[[ Listed entries open ]]
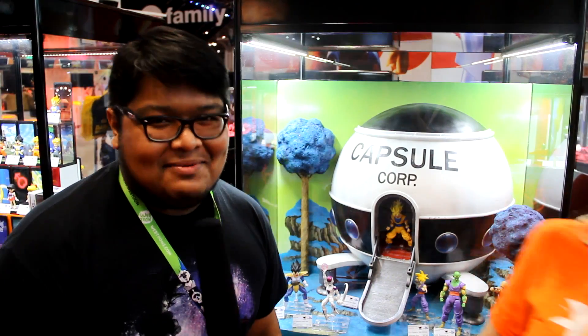Next up we have Super Saiyan God Super Saiyan Vegeta. He looks unbelievable. Crazy. Stupid good.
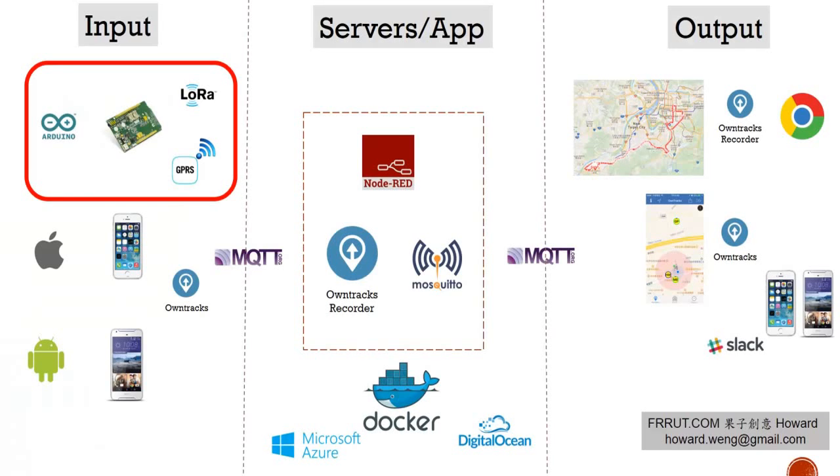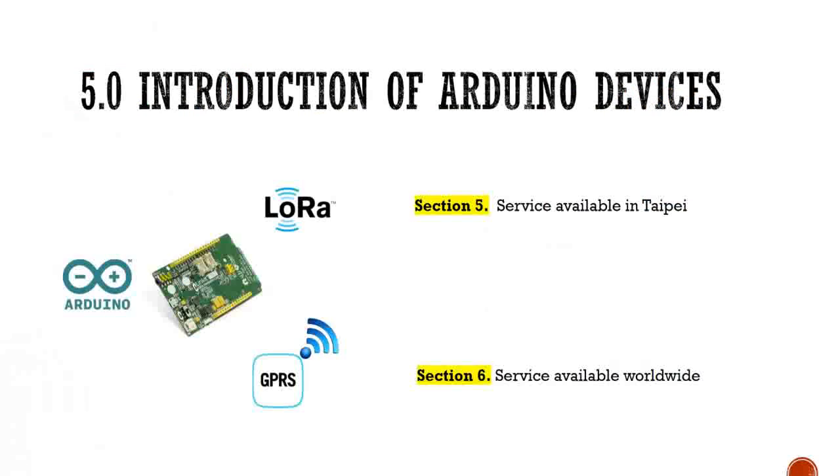In this tutorial I have developed two devices. Section 5 is about the LoRa WAN device — GPS location data is transmitted through LoRa technology. But at the point of making this video, the LoRa service is only available in Taipei, Taiwan. In my area it is not even available, and it's not available worldwide, but I still think it is very valuable to study the code.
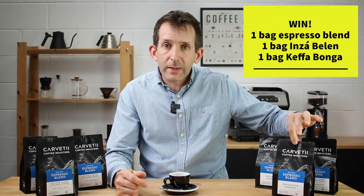Here's the little competition we have for you. We're going to give away our espresso, but also the components separately, for you to have a play with blending the coffee yourself. We've got a bag of our espresso, a bag of the Inza from Colombia, and a bag of the Kefabonga from Ethiopia for you to play with — to see if you can create a better blend than we have, or at least a blend that suits your flavour profile. We use a 60-40 blend; we played around with more or less of the Inza, but that's where we settled.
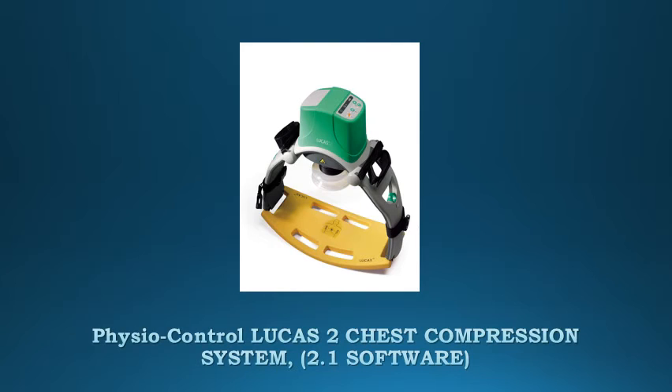The package includes the Lucas 2 Chest Compression System, a carrying case, 2 patient straps, 2 stabilization straps, 3 suction cups, and 1 rechargeable battery.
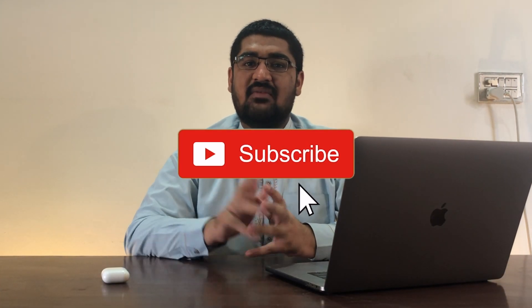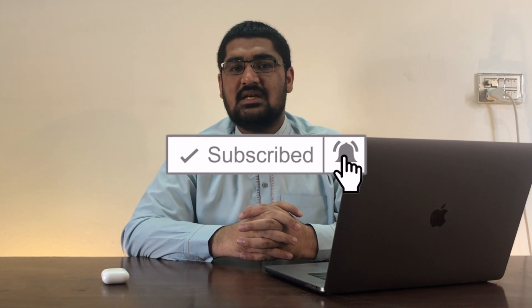Hello YouTube, Sufyan here from Let Me Tech and welcome to another iOS video. Now before we start with iOS news and 5 reasons why you should update to iOS 13.5 ASAP, let's talk about other things first.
[[ Listed entries closed ]]
# Your task:
Would you repeat the entries exactly, keeping the images out?

# Solution for this exercise:
Next up we have Super Saiyan God Super Saiyan Vegeta. He looks unbelievable. Crazy. Stupid good.
In this tutorial I have developed two devices. Section 5 is about the LoRa WAN device — GPS location data is transmitted through LoRa technology. But at the point of making this video, the LoRa service is only available in Taipei, Taiwan. In my area it is not even available, and it's not available worldwide, but I still think it is very valuable to study the code.
Here's the little competition we have for you. We're going to give away our espresso, but also the components separately, for you to have a play with blending the coffee yourself. We've got a bag of our espresso, a bag of the Inza from Colombia, and a bag of the Kefabonga from Ethiopia for you to play with — to see if you can create a better blend than we have, or at least a blend that suits your flavour profile. We use a 60-40 blend; we played around with more or less of the Inza, but that's where we settled.
The package includes the Lucas 2 Chest Compression System, a carrying case, 2 patient straps, 2 stabilization straps, 3 suction cups, and 1 rechargeable battery.
Hello YouTube, Sufyan here from Let Me Tech and welcome to another iOS video. Now before we start with iOS news and 5 reasons why you should update to iOS 13.5 ASAP, let's talk about other things first.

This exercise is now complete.